■ Collected data ■
----

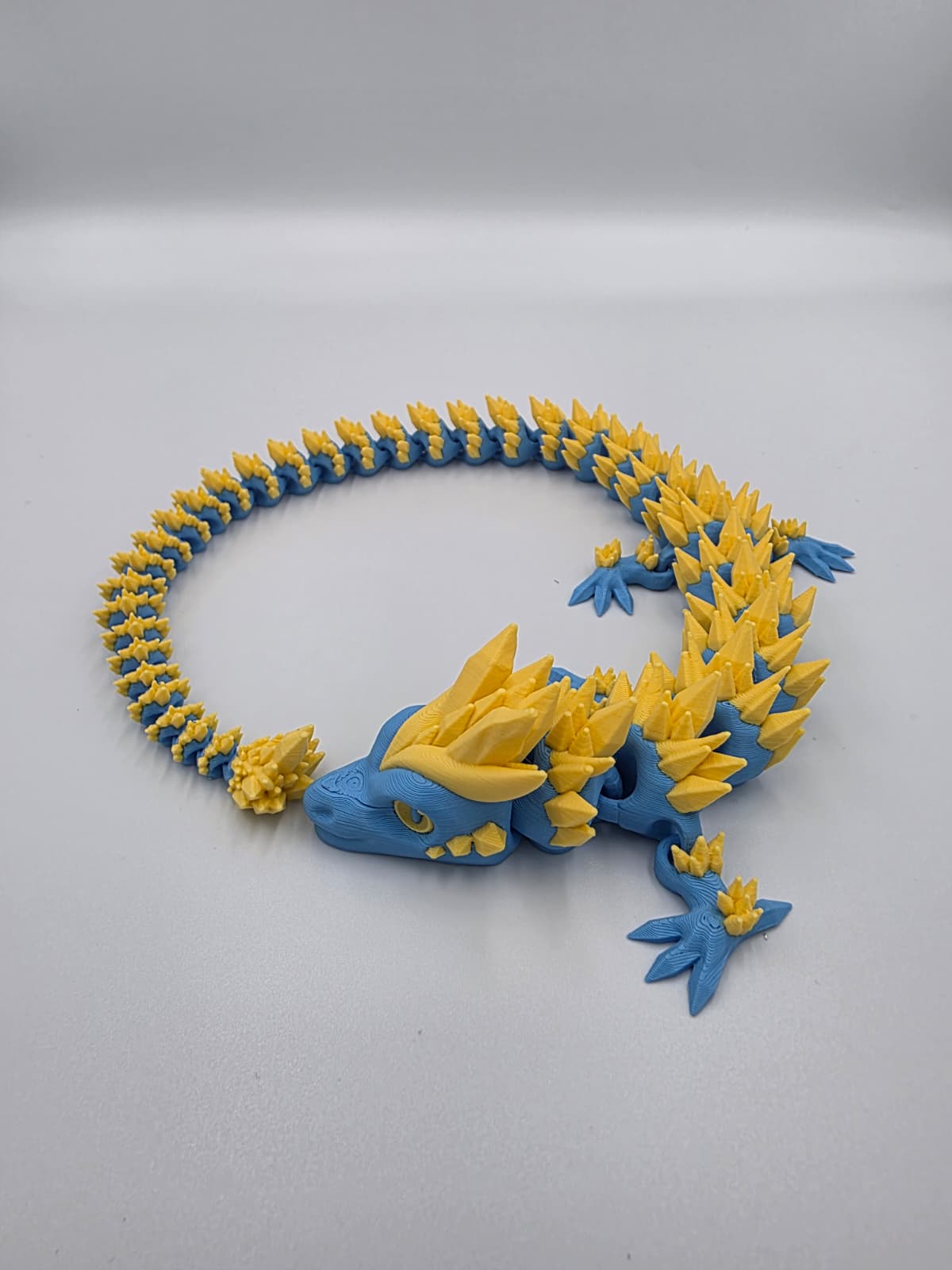 Dragon Flexibil 45cm – Figurină 3D Imprimată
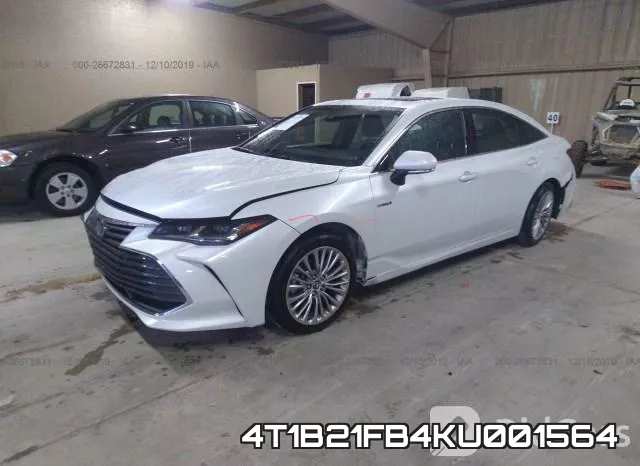 4T1B21FB4KU001564 фото 2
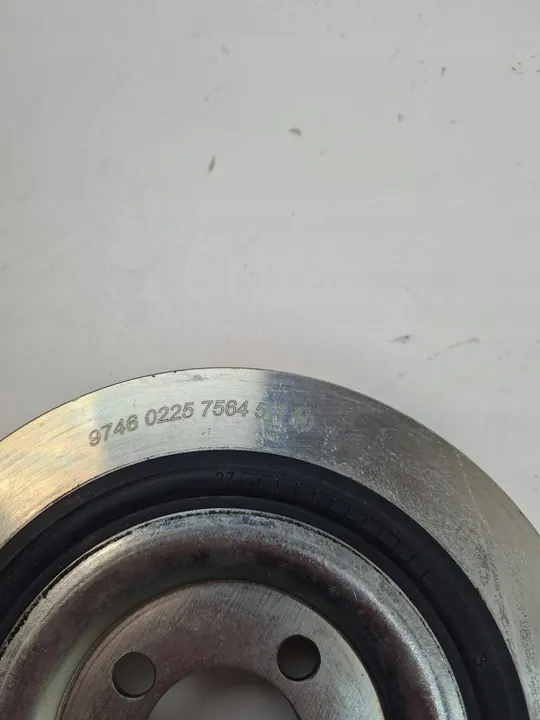 Polia do virabrequim Febi Bilstein 27824 image 7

----

■ Your goal ■
Word for word, reproduce the listing above; no image should be carried over.

■ Result ■
 Dragon Flexibil 45cm – Figurină 3D Imprimată
 4T1B21FB4KU001564 фото 2
 Polia do virabrequim Febi Bilstein 27824 image 7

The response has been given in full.